GerminatingThoughtsÉtienne Lantier, an unemployed railway worker, is a clever but uneducated young man with a dangerous temper. Forced to take a back-breaking job at Le Voreux mine when he cannot get other work, he discovers that his fellow miners are ill, hungry, and in debt, unable to feed and clothe their families. When conditions in the mining community deteriorate even further, Lantier finds himself leading a strike that could mean starvation or salvation for all.

I can safely say that this book fits into the great tradition of journalistic classics.  It complements Dickens’ portrayal of the poverty and struggles of the working class and also reminded me of the depiction of English mines in Orwell’s harrowing but ultimately rewarding The Road to Wigan Pier.  The mention of the Davy lamp in the text also brought to mind Sir Humphrey Davy’s selfless experiences during research for his life saving Davy lamp.
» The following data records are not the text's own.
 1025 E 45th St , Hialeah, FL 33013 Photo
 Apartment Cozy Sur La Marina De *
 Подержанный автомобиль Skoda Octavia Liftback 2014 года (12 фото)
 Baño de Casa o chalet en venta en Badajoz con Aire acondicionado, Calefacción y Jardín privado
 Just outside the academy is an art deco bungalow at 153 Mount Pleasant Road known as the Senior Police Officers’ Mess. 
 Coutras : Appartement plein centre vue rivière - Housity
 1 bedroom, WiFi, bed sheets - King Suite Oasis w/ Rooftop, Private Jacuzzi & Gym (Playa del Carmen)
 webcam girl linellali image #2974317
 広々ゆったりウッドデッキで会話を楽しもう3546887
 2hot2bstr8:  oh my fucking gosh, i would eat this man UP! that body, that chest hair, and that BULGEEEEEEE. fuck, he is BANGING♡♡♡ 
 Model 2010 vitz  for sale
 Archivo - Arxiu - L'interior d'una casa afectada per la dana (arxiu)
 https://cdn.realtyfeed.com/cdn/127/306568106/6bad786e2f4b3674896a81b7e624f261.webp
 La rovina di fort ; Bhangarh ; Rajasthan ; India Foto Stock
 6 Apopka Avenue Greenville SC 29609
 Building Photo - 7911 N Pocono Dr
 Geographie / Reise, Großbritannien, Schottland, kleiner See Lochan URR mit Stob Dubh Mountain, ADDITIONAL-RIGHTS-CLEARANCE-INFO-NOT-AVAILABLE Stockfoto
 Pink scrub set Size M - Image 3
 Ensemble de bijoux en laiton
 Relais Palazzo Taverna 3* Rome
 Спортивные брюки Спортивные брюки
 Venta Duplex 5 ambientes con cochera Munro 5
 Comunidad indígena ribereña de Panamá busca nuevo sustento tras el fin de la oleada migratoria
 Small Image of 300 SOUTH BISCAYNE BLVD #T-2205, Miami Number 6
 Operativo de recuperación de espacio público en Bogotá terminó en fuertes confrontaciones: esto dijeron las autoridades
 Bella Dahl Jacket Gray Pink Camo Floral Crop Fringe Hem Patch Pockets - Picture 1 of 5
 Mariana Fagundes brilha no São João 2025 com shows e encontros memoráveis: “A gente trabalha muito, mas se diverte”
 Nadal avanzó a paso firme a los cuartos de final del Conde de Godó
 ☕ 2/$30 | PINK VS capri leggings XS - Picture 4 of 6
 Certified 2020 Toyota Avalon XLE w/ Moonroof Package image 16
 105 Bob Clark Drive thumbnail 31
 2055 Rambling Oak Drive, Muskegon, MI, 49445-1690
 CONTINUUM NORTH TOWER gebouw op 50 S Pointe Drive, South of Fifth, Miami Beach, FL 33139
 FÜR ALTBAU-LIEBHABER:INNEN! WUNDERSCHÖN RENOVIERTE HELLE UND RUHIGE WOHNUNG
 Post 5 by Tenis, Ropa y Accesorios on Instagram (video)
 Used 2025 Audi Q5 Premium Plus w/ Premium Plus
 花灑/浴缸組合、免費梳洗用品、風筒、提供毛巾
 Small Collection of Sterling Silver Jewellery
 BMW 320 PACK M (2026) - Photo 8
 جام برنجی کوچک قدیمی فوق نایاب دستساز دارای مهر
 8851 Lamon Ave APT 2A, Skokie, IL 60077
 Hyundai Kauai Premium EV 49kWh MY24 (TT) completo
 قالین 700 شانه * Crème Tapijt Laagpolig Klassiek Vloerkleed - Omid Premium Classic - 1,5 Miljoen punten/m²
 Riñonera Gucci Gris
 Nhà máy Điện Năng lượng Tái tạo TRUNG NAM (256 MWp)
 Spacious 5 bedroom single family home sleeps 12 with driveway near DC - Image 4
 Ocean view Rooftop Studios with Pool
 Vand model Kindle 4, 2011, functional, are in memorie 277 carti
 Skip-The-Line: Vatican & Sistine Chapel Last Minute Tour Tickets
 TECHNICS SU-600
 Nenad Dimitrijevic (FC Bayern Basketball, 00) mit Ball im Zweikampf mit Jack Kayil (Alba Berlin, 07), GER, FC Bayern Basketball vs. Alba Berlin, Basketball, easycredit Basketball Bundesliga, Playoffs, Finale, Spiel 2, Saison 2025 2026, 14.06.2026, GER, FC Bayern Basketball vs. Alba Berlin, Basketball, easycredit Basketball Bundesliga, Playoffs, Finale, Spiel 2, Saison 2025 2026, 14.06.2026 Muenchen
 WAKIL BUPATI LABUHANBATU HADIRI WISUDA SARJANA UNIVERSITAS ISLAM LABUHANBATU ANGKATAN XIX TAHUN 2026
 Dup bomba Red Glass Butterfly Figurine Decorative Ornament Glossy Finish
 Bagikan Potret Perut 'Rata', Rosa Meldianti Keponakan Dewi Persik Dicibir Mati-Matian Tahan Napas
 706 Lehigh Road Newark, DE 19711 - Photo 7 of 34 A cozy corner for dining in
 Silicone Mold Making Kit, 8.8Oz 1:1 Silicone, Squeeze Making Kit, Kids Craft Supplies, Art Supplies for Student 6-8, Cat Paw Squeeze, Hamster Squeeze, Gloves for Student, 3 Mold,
Although Germinal is book 13 in the 20 volume Les Rougon-Macquart series, the earlier books aren’t required reading as this one stands alone perfectly well, this was my introduction to Zola and from the outset it pulled me straight in.

From the beginning we are introduced to a brutal work life of the pit workers, the place where they reside is a blight on a denuded landscape and the mine is depicted variously as gorging on human flesh and is also likened to the Greek underworld of Tartarus showing the nature of our relationship with the earth or at least our imagination’s interpretation.  Zola’s almost hellish imagery doesn’t shy away from the struggles and the horrors that people struggled through and sets the scene for a book story in which life is changed for all in harrowing and profound ways.

Buried like moles beneath the crushing weight of the earth, and without a breath of fresh air in their burning lungs, they simply went on tapping.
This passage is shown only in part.